La scène suivante marque l’entrée de la troupe de théâtre des ouvriers, un groupe qui s’est vu amputé de la moitié de ses membres par rapport à la version originale, mais qui ne manque pas de voler la vedette. Un trio excessivement drôle qui marque une nouvelle rupture de ton puisque Emmanuel Bédard (L’Égoïne), Marc Auger (Flûte) et Hugues Frenette (Bottom) s’expriment dans un langage familier qui sied bien au niveau social de leurs personnages, mais qui tranche avec le registre de langue résolument éloquent et shakespearien des autres. Le contraste est fort, mais on se tape sur les cuisses en voyant apparaître un Bottom coiffé à la longueuilloise et doté de la même gestuelle qu’un fan un peu pépère de Metallica.
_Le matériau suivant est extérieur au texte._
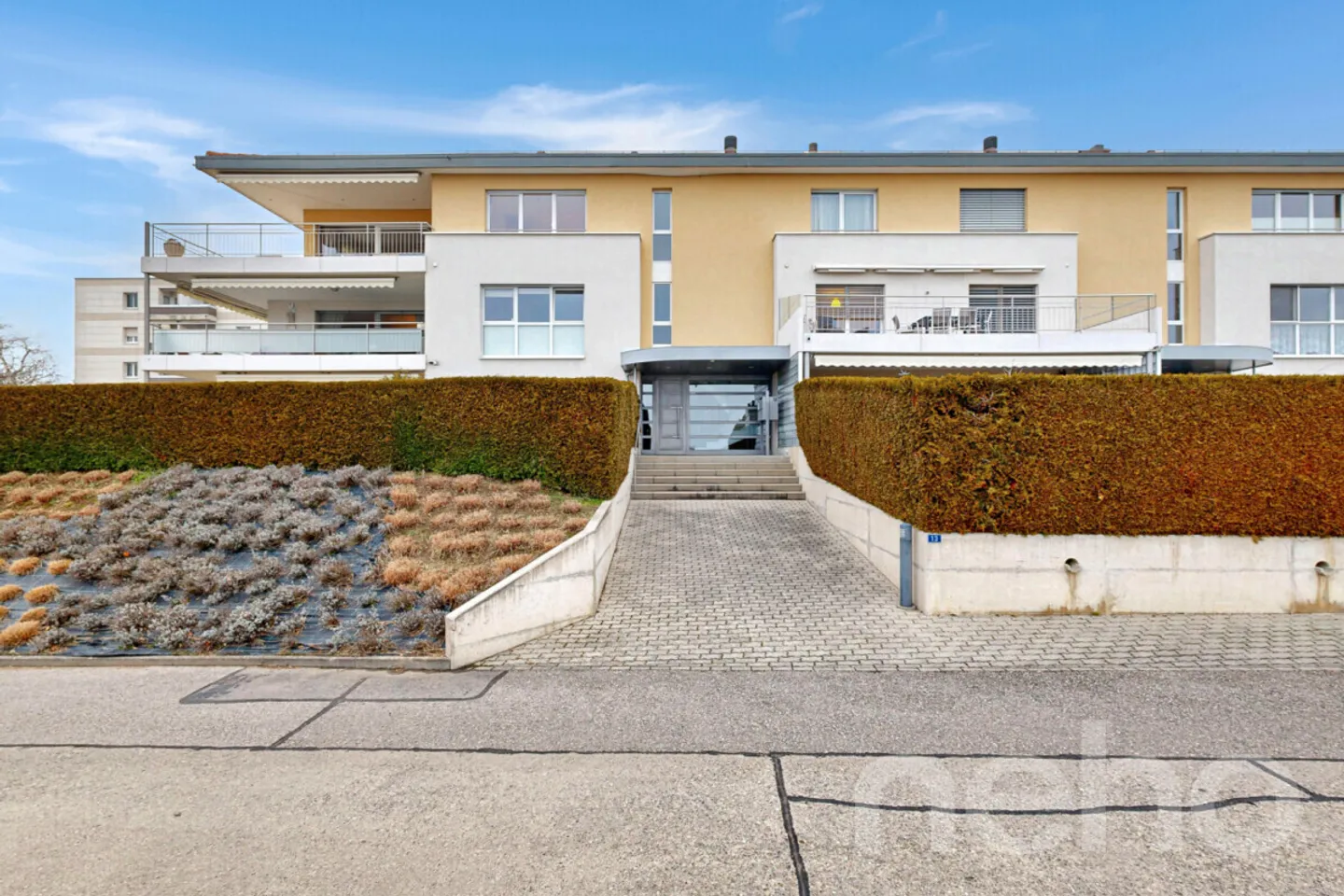 Duplex di prestigio con vista panoramica sul lago di Ginevra e le Alpi - Foto 1 di 12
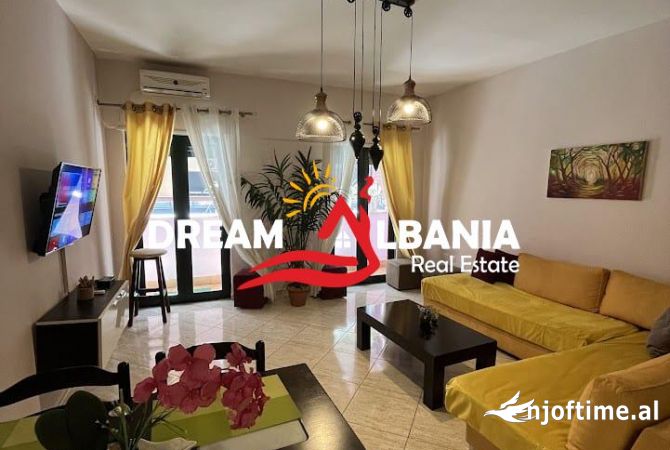 Shtepi me qera 1+1 ne Tirane - 900 Euro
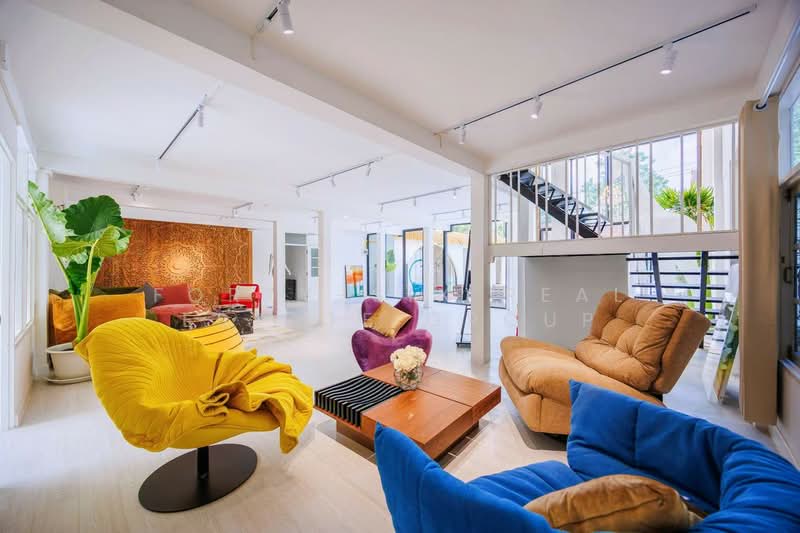 ปล่อยเช่า Pool Villa 2ชั้น ย่านสุขุมวิท, Bangkok, Khlong Tan Nua, Watthana, Bangkok, 7 Bedrooms, 1,000 sqm, Villa For Rent, by Forty-Six Real Estate Group, 500256406 - DDproperty.com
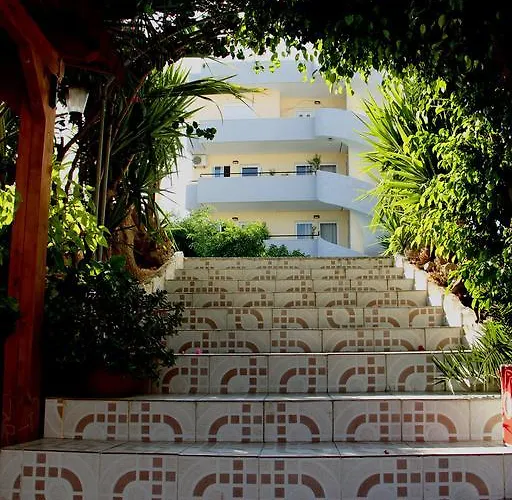 Minas 2* Hersonissos (Crete)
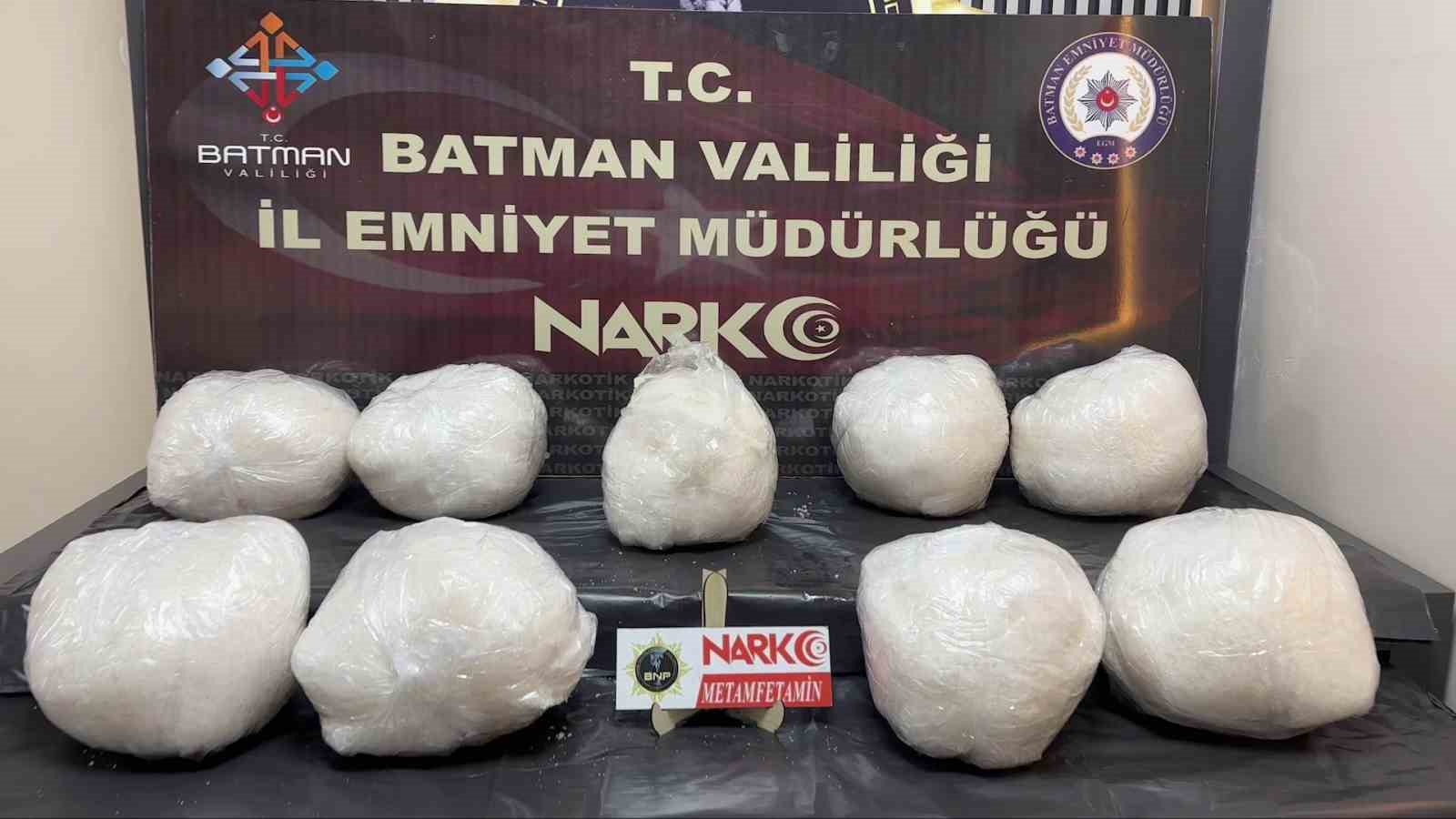batmanda yag tenekelerine gizlenmis vaziyette 45 kilo metamfetamin ele gecirildi 0 7AjKVAjW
Bottom (Hugues Frenette) et Flûte (Marc Auger) Crédit: Stéphanie Bourgeois
Bottom (Hugues Frenette) et Flûte (Marc Auger) Crédit: Stéphanie Bourgeois

Oui, les ambiances changent drastiquement dans ce spectacle. On passe du mystique des interprétations de Beaucage (brillant musicien d’ailleurs) aux dialogues terre-à-terre de Frenette et sa bande de joyeux drilles en passant par le côté franchement dramatique des triangles amoureux. On découvrira même des talents de chanteuse à Mary-Lee Picknell, un moment du spectacle où on se dit que, finalement, le metteur en scène en a peut-être fait un tout petit trop.

Il y a, ne vous méprenez pas, beaucoup d’excellentes idées dans cette adaptation de Songe d’une nuit d’été. Toutefois, la superposition des tableaux forme un tout franchement éclectique et baroque qui enthousiasmera certains et agacera les autres.

André Robillard (Lysandre), Mary-Lee Picknell (Héléna) et Mélissa Merlo (Hermia)
André Robillard (Lysandre), Jean-Michelle Girouard (Démétrius), Mary-Lee Picknell (Héléna) et Mélissa Merlo (Hermia)

N’empêche : Normand exploite la virtuosité de ses comédiens, de la très physique Mélissa Marlo (Hermia, une belle découverte), de Jean-Michel Girouard qui a su construire un Démétrius douchebag (faut le voir pointer du doigt avec cette dégaine-là), mais aussi de ses acrobates et de son musicien. Il a su mettre tout le monde en valeur et offre une production à grand déploiement, un divertissement intelligent qui nous fait passer un sacré bon moment.